Answer: After the below transformations, we can see that Monaco has the highest GDP per capita, followed closely by Liechtenstein. Monacos data starts in 1970 (10 years later than the beginning of the time series) and has trended upwards over time, more rapidly relative to most of the other time series. There are also heavy cyclic troughs about every 5-10 years.

# This code plots GDP per capita for each country over time but is impossible to
# read because there are 263 countries in this dataset.
# There is also an issue of groupings such the EU or the High-Income in the 
# country variable
# global_economy |> 
#   mutate(gdp_per_capita = GDP/Population) |> 
#   autoplot(gdp_per_capita)

# Let's trim this down by filtering the global_economy data to countries in the 
# countryname_dict data from the countrycode package.
# A quick comparison shows there are some valid countries in global_economy that 
# are not in countryname_dict due to naming issues such as Czechia vs Czech 
# Republic. We will save this cleaning process for another project. We also filter
# out all the null values from our variables of interest to make factoring and
# overall analysis simpler for the next steps.
trimmed_glob_econ <- global_economy |> 
  filter(!is.na(Country) & !is.na(Year) & !is.na(GDP) & !is.na(Population)) |> 
  filter(Country %in% countryname_dict$country.name.en) |> 
  mutate(gdp_per_capita = GDP/Population)

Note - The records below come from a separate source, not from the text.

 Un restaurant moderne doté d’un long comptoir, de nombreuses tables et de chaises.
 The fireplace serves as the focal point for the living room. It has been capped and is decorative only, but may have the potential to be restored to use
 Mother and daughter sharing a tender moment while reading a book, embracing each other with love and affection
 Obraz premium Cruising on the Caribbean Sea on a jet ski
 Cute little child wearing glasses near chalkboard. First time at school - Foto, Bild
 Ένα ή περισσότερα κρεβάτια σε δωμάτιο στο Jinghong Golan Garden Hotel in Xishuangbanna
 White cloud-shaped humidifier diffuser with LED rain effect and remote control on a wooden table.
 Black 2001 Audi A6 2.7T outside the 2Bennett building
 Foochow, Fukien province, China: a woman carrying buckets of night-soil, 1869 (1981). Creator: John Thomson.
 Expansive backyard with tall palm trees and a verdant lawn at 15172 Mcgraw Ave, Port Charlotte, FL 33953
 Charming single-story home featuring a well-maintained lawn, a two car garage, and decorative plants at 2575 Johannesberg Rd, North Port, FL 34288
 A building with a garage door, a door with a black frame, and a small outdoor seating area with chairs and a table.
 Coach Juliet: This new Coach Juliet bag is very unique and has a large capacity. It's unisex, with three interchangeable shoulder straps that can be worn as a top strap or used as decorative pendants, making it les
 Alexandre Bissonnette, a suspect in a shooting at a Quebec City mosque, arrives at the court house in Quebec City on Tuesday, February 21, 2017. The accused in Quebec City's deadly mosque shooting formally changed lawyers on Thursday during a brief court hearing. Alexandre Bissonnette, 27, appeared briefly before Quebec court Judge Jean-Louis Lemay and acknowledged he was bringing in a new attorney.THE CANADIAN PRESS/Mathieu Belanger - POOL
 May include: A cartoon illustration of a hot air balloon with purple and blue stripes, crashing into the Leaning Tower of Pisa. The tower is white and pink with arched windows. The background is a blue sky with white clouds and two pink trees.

# Let's further clean the plot by trimming the legend to only top 10 GDP per
# capita, because we're only interested in the highest performers here.

top_countries <- trimmed_glob_econ |> 
  group_by(Country) |> 
  filter(Year == max(Year)) |>   # Using the latest year as the scale for factoring 
  ungroup() |> 
  arrange(desc(gdp_per_capita)) |> 
  slice_head(n = 10) |> 
  pull(Country)


set.seed(624)
#Improve color contrast for easier visibility of top countries
random_colors <- sample(colors(), length(top_countries))


trimmed_glob_econ |> 
  mutate(Country = fct_reorder2(Country, Year, gdp_per_capita),
         gdp_per_capita = gdp_per_capita/1e3) |> 
  autoplot(gdp_per_capita) + 
  scale_color_manual(values = setNames(random_colors, top_countries)) +
  ylab("GDP per Capita (thousands)")

Question 3.2

For each of the following series, make a graph of the data. If transforming seems appropriate, do so and describe the effect.

United States GDP from global_economy.

Answer: Since GDP is directly affected by population size, it makes sense to transform GDP to GDP per Capita. Interestingly, the plots look nearly identical, showing that population size growth has actually not had a noticeable effect on the patterns GDP growth.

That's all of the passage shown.